For fiscal year 2018, retail and wholesale revenue from China comprised 74% of Alibaba’s total revenue, compared to just 8% for international retail and wholesale revenue. The company’s retail marketplace boasts as many as 552 million active annual China-based consumers and recognized $768 billion in gross merchandise volume transactions in fiscal year 2018, a year-over-year increase of 28% compared to an increase of 22% for fiscal year 2017. (To read more, see: Global Expansion More Crucial for Amazon Than Alibaba.)
Domestic and Cloud Growth Opportunities
Alibaba’s cloud-computing business, which brought in 5% of the company’s total revenue in fiscal year 2018, saw year-over-year growth of 101%. In a call with analysts in mid-spring, Maggie Wu, the company’s chief financial officer indicated that both commerce and the cloud business would lead revenue growth over the next fiscal year.

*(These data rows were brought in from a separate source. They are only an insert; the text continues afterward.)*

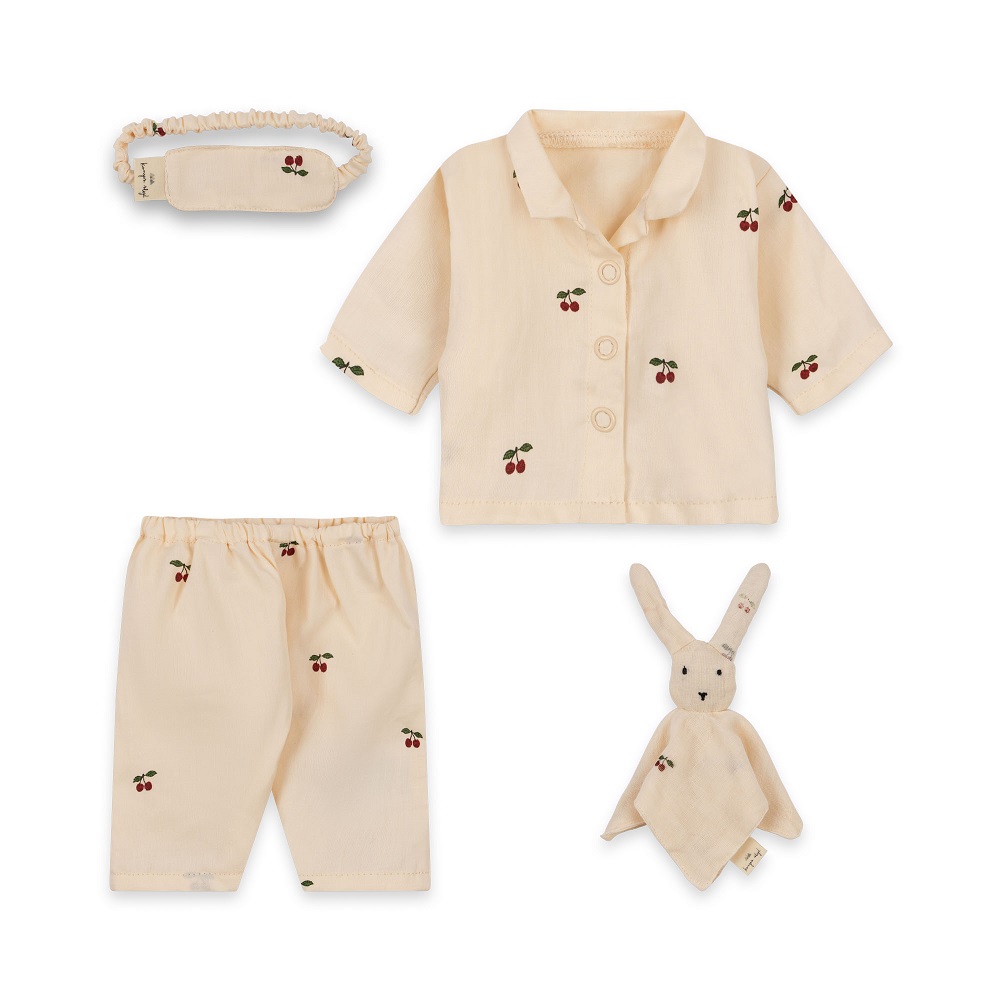 Puppen Set cherry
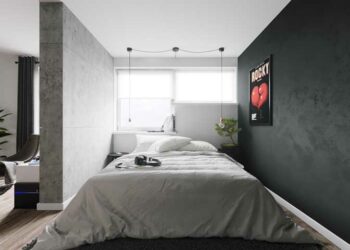 Quarto de solteiro pequeno: veja ideias incríveis para decorar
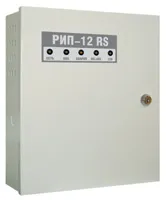 Источник питания Болид РИП-12 исп.50, резервированный, 12В, 3А, RS-485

Considering the under-built nature of China’s physical retail infrastructure, especially in smaller cities, Alibaba’s brick-and-mortar retail and wholesale sites also provide ample opportunity for future growth. Over the past three years the company has been grabbing up stakes in grocers and electronics chains, including electronics retailer Suning, Intime Retail and Sun Art, one of China’s largest grocery chains.
Meanwhile, Alibaba is also building its own chain of stores called Hema Xiansheng, which offers customers a combination of a fresh-food market, a restaurant and home delivery facilities. While helping the company grab a slice of the 84% of China’s physical goods sales that still take place offline, these brick-and-mortar sites also create more points of contact with customers, allowing them to amass even more amounts of user data, according to the New York Times. (To read more, see: Is Alibaba Trying to Take Over Food Delivery, Too?)
Southeast Asian Expansion
It’s also not just in China that Alibaba is expanding. The company recently doubled its investment in Southeast Asia, investing another $2 billion in its Singapore-based e-commerce subsidiary Lazada Group, which sells products ranging form lipstick, carwax and instant coffee to smartphones, according to the Wall Street Journal.
Southeast Asia is home to a population of around 600 million and its e-commerce market has grown by an annual rate of more than 40% since 2015, bringing in $10.9 billion in revenue in 2017. By 2025, the market is expected to grow to $88.1 billion.